• YOUR TASK: Copy every entry exactly as it stands, though any image it holds should stay out of the copy.

• DATA PROVIDED:
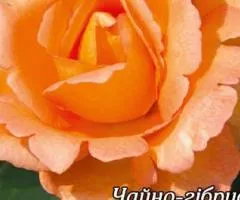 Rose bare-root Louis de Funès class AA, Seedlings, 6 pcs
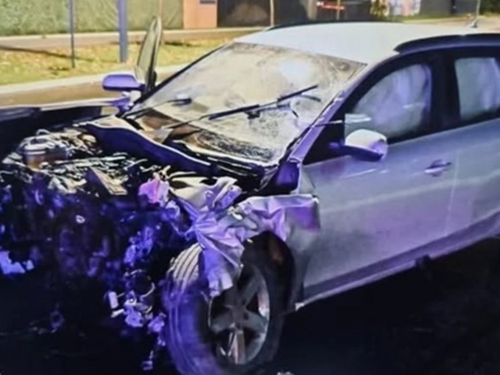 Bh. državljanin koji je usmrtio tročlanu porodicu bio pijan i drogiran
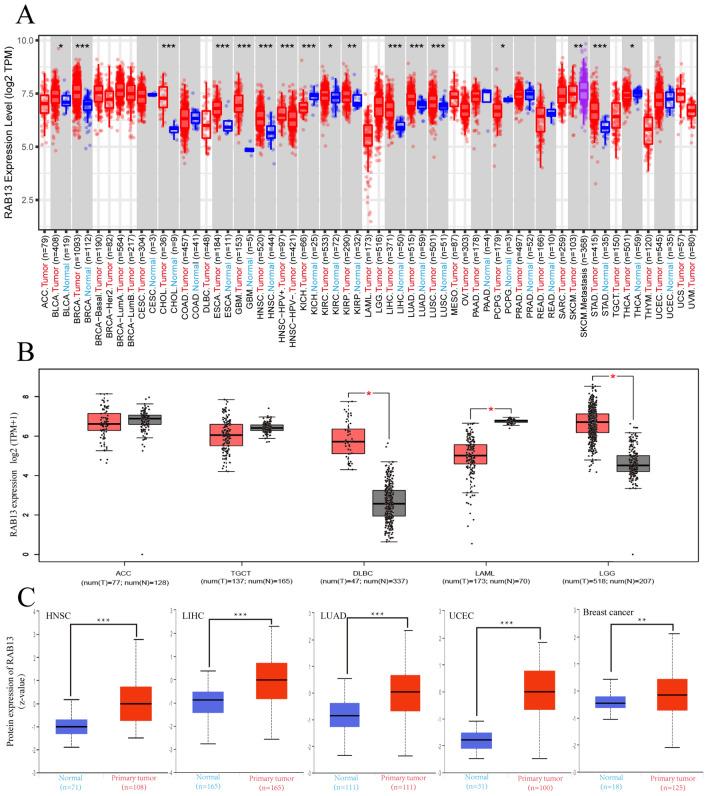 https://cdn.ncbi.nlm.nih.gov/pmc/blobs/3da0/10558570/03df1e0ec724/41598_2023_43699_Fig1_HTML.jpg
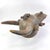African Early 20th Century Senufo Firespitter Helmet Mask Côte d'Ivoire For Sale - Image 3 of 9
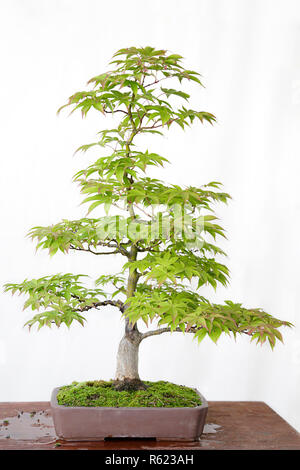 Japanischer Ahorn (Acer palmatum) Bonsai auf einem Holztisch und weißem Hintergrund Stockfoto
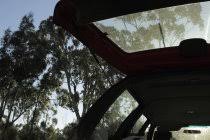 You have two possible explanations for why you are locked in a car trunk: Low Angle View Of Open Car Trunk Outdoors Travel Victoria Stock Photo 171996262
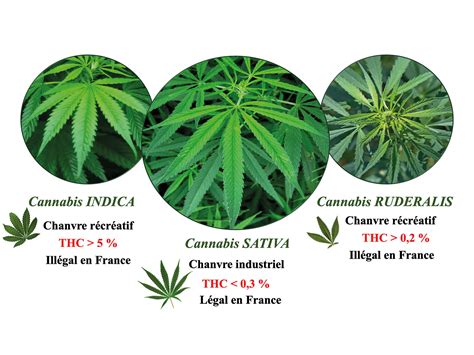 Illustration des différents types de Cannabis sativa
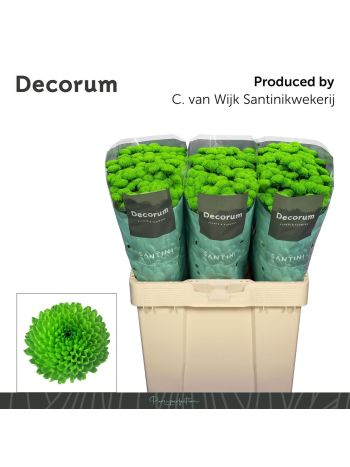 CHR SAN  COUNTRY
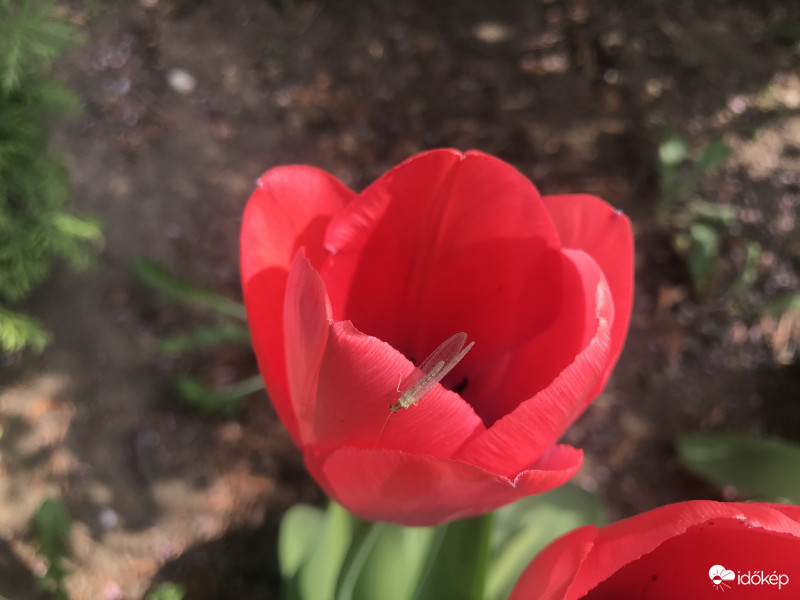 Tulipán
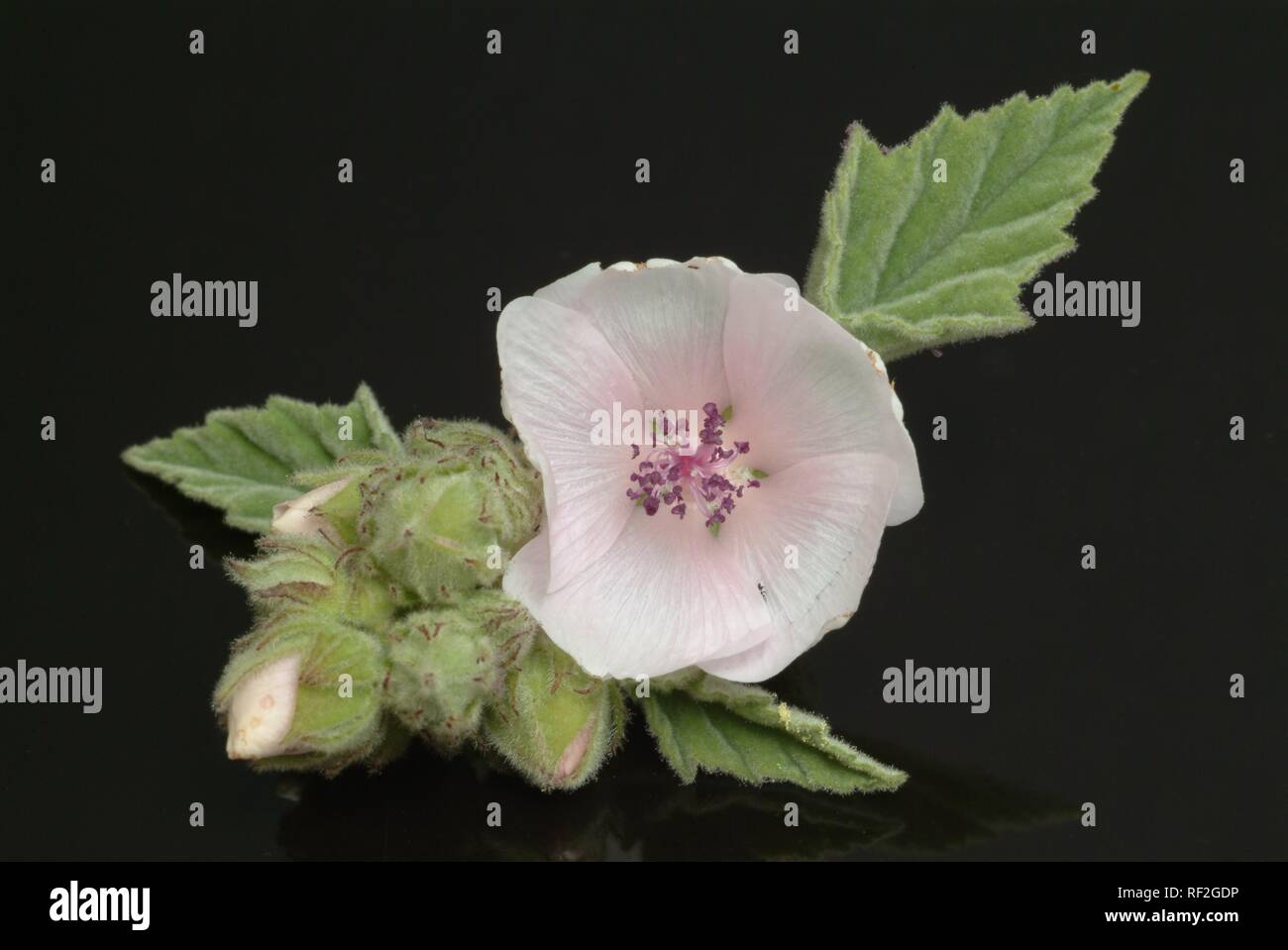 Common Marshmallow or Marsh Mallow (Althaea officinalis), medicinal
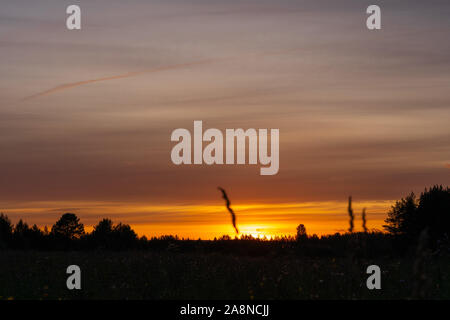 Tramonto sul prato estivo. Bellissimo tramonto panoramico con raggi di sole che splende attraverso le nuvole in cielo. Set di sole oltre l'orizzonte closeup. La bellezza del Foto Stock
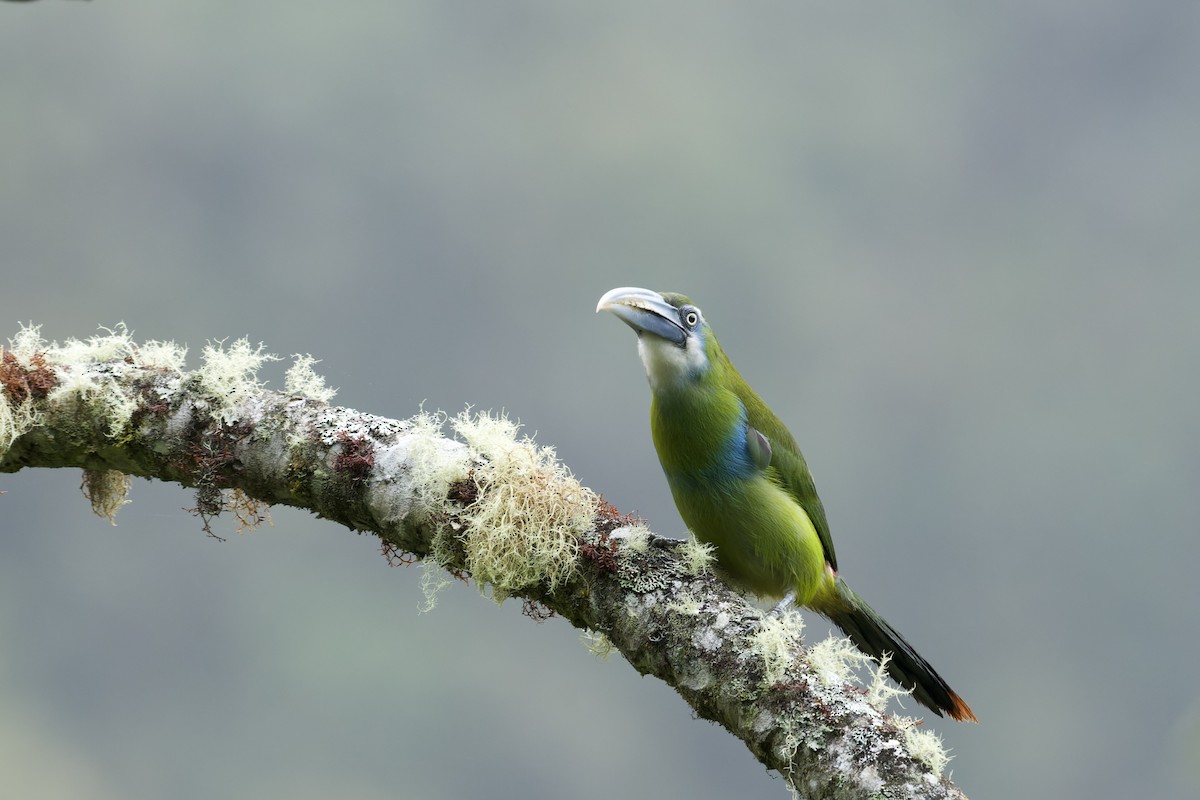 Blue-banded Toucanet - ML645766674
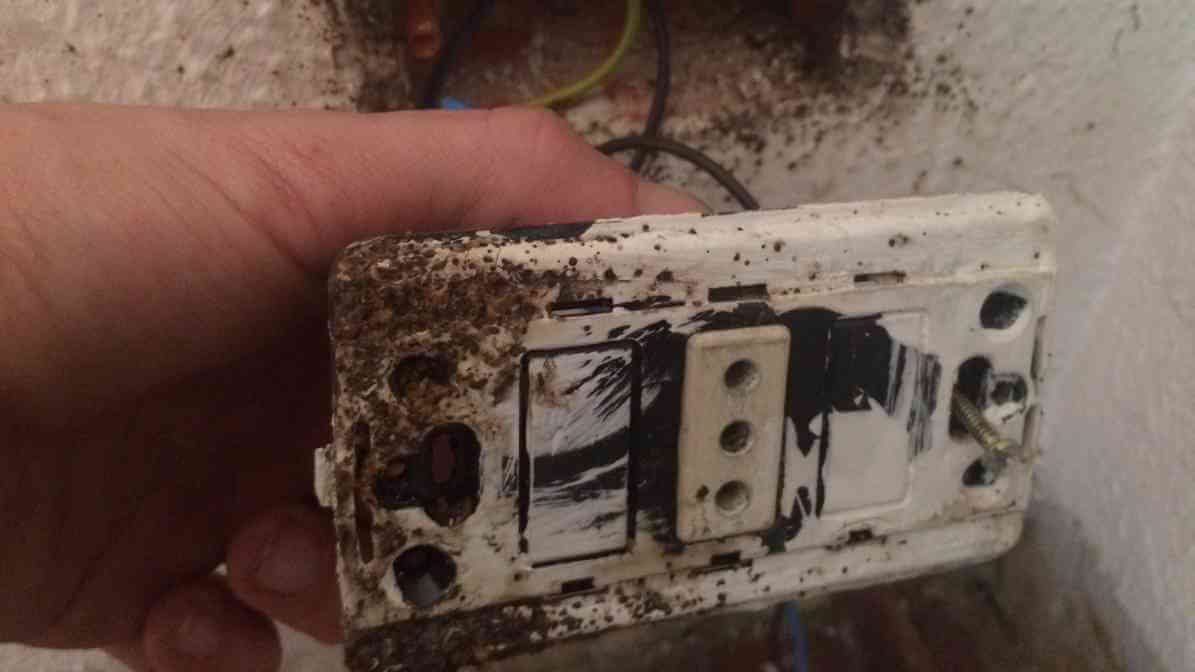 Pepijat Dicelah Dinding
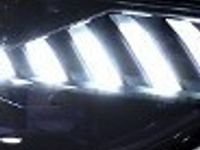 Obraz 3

• RESPONSE TO THE EXERCISE:
 Rose bare-root Louis de Funès class AA, Seedlings, 6 pcs
 Bh. državljanin koji je usmrtio tročlanu porodicu bio pijan i drogiran
 https://cdn.ncbi.nlm.nih.gov/pmc/blobs/3da0/10558570/03df1e0ec724/41598_2023_43699_Fig1_HTML.jpg
African Early 20th Century Senufo Firespitter Helmet Mask Côte d'Ivoire For Sale - Image 3 of 9
 Japanischer Ahorn (Acer palmatum) Bonsai auf einem Holztisch und weißem Hintergrund Stockfoto
 You have two possible explanations for why you are locked in a car trunk: Low Angle View Of Open Car Trunk Outdoors Travel Victoria Stock Photo 171996262
 Illustration des différents types de Cannabis sativa
 CHR SAN  COUNTRY
 Tulipán
 Common Marshmallow or Marsh Mallow (Althaea officinalis), medicinal
 Tramonto sul prato estivo. Bellissimo tramonto panoramico con raggi di sole che splende attraverso le nuvole in cielo. Set di sole oltre l'orizzonte closeup. La bellezza del Foto Stock
 Blue-banded Toucanet - ML645766674
 Pepijat Dicelah Dinding
 Obraz 3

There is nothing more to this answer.